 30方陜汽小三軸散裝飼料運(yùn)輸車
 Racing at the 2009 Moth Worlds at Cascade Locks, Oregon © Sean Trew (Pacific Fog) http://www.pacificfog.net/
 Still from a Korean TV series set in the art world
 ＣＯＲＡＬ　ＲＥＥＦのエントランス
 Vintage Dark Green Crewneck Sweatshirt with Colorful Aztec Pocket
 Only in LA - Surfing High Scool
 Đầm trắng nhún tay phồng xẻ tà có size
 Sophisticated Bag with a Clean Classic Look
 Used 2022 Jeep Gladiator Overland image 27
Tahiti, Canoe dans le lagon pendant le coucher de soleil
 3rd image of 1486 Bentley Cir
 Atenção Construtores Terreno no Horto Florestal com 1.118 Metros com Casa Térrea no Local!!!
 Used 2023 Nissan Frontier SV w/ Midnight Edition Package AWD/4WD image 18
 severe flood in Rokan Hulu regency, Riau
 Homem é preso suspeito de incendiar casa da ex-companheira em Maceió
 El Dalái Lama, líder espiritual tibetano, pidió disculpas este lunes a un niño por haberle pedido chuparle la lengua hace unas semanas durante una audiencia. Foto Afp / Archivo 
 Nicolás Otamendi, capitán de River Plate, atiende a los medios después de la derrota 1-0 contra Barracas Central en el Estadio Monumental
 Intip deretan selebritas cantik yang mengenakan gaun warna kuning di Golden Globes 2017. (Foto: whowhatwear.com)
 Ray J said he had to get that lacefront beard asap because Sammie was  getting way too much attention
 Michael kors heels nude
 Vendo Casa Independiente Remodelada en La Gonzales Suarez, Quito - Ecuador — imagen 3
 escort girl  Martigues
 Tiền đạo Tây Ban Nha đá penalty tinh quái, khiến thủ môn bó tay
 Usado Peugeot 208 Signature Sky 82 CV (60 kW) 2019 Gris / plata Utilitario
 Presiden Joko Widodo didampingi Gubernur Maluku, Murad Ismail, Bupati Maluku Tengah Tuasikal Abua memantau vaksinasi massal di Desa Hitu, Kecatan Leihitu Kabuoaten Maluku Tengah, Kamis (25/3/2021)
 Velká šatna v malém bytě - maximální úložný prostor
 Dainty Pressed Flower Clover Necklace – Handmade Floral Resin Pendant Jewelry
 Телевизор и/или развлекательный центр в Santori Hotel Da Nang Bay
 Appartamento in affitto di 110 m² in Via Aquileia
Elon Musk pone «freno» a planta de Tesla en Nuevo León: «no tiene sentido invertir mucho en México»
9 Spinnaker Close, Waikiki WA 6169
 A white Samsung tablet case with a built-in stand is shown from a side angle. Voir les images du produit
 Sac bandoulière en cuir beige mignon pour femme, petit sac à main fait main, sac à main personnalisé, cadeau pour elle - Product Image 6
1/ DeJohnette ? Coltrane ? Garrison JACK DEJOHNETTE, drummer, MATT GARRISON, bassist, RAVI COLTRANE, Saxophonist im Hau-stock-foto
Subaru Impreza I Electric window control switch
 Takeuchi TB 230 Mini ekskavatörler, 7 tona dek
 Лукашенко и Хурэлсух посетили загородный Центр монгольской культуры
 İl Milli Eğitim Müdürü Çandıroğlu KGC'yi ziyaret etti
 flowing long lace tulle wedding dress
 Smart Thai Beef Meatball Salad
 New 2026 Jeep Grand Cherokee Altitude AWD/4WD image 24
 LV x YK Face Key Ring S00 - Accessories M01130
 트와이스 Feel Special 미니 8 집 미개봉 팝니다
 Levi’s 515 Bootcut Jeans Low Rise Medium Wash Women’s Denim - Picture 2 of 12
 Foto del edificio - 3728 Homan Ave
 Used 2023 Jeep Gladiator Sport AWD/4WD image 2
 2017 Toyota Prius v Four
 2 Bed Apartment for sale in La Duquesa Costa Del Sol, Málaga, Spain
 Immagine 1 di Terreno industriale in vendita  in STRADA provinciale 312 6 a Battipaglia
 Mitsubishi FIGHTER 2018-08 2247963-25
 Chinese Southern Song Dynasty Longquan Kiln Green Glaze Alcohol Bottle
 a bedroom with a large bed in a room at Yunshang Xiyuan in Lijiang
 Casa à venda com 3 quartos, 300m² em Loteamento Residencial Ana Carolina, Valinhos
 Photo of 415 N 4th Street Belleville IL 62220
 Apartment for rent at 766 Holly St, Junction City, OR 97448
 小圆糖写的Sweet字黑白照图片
--
* **REQUIRED WORK**
Please return only the lines above, starting at the line that has "Телевизор и/или развлекательный" and ending at the line that has "트와이스 Feel Special 미니 8 집 미개봉 팝니다", keeping both and leaving each one unchanged.

* **ANSWER SPACE**
 Телевизор и/или развлекательный центр в Santori Hotel Da Nang Bay
 Appartamento in affitto di 110 m² in Via Aquileia
Elon Musk pone «freno» a planta de Tesla en Nuevo León: «no tiene sentido invertir mucho en México»
9 Spinnaker Close, Waikiki WA 6169
 A white Samsung tablet case with a built-in stand is shown from a side angle. Voir les images du produit
 Sac bandoulière en cuir beige mignon pour femme, petit sac à main fait main, sac à main personnalisé, cadeau pour elle - Product Image 6
1/ DeJohnette ? Coltrane ? Garrison JACK DEJOHNETTE, drummer, MATT GARRISON, bassist, RAVI COLTRANE, Saxophonist im Hau-stock-foto
Subaru Impreza I Electric window control switch
 Takeuchi TB 230 Mini ekskavatörler, 7 tona dek
 Лукашенко и Хурэлсух посетили загородный Центр монгольской культуры
 İl Milli Eğitim Müdürü Çandıroğlu KGC'yi ziyaret etti
 flowing long lace tulle wedding dress
 Smart Thai Beef Meatball Salad
 New 2026 Jeep Grand Cherokee Altitude AWD/4WD image 24
 LV x YK Face Key Ring S00 - Accessories M01130
 트와이스 Feel Special 미니 8 집 미개봉 팝니다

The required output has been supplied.